Um membro da rica elite local, aristocrata educado no exterior, inapto como comandante militar, vaidoso ao extremo, dependente da ajuda dos próprios “imperialistas” para “libertar” seu povo, tirano e covarde: assim essas linhas retratam Simón Bolívar. Quem teria escrito uma biografia tão negativa do herói (ou mito) latino-americano? Algum conservador reacionário? Um golpista de direita, talvez?
Nada disso. Trata-se da biografia que Karl Marx escreveu para atender a um pedido (pago) de Charles Dana para a “New American Cyclopaedia”, em 1857. O tom do texto, excessivamente ríspido, despertou a atenção do contratante, que chegou a reclamar com o autor.
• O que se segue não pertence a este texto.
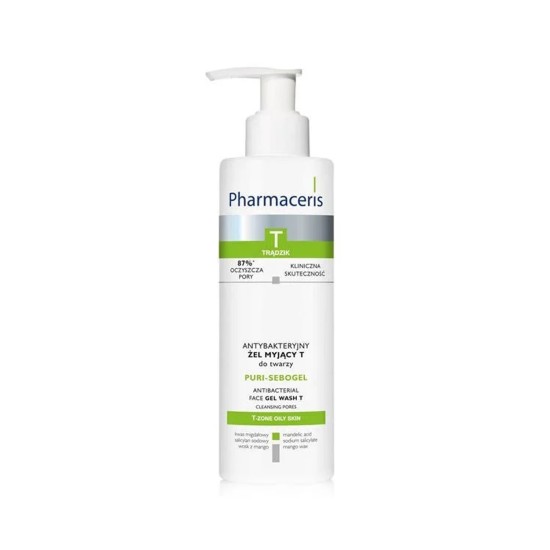 Pharmaceris Puri-Sebogel Face Wash 200ml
Em carta a seu amigo Engels, Marx explicou seus motivos: “No que concerne ao estilo preconceituoso, certamente saí um pouco do tom enciclopedístico. Seria ultrapassar os limites querer apresentar como Napoleão o mais covarde, brutal e miserável dos canalhas.”
O problema é que nossos marxistas não leem Marx. Bolivarianismo e marxismo são como água e óleo: não se misturam. É preciso escolher: ou um, ou outro. Defender ambos é impossível.